L'home propietari d'un núvol _Oli sobre vidre i impressió fotogràfica. 36 x 44 cm. 2018

Frente a anteriores obras de Marcel, lo nuevo aquí no es tanto la ruina, sino su proliferación. Vistas como S’hi feia venda de gel muestran una frialdad extrema, y esa es la intención, opino. No dejo de pensar en lo siguiente. Poco antes de empezar a trabajar en las obras que ustedes pueden ver en esta exposición, Marcel se había entregado a la composición de Un estudio del corazón. En 72 láminas muy cercanas al tratado de anatomía, pero no exentas de comedia e ironía (como seguimos viendo aquí), Marcel retrataba el corazón desde todos los puntos de vista y las perspectivas. Cuando le pregunté por qué hacía eso, no supo contestarme. Luego, pasó un tiempo en que no nos vimos. En nuestro reencuentro, algún mes más tarde, me habló del amor y del tormento. Su mirada se había intensificado, acaso también el color de la barba. Pasamos a su estudio y me mostró, sumidos casi en la oscuridad, el magnífico estudio sobre el chip de los móviles. No dejaban de sorprenderme sus temas. En general, nuestros cafés siempre son alegres y afables, y parece, de alguna forma, que no cambiamos ni hemos cambiado. Muchas veces nuestra amistad se trama a través de las obras.

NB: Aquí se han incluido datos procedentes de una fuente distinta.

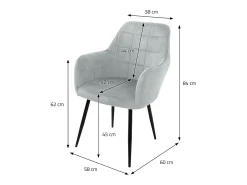 2 x Silla de comedor silla de oficina con reposabrazos ECD Germany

A través de ella comprendo lo que no llegamos a decirnos (¡es tan difícil el lenguaje y tan difícil comunicar la propia verdad al otro!). El corazón, motor primario de la vida, pero tomado desde un punto de vista científico y anatómico. El chip del móvil, cercano a la singularidad de las cadenas de montaje. Luego, un vacío. Y ahora esta exposición. Deambulo entre ruinas con la impresión de haber llegado tarde a un acontecimiento. Me fijo en los animales, porque en su expresión no encuentro el matiz expresivo de los retratos humanos. Las notas de color se extienden más de lo normal en algunos cuadros. Surfeit, ese raro grito. Me siento largo rato a contemplar algunas obras magníficas, como Els bessons luxuriosos u Oferiment. Pienso que hay pocos artistas que han habitado de forma parecida los opuestos. Aquí abundan las paradojas que hacen al hombre. Según sé, solo es un fragmento de una obra monumental. Lo que tengo son retazos que me muestran a un amigo. Now even the farthest windows have gone dark. And the dark wants, needs us. Thank you for calling.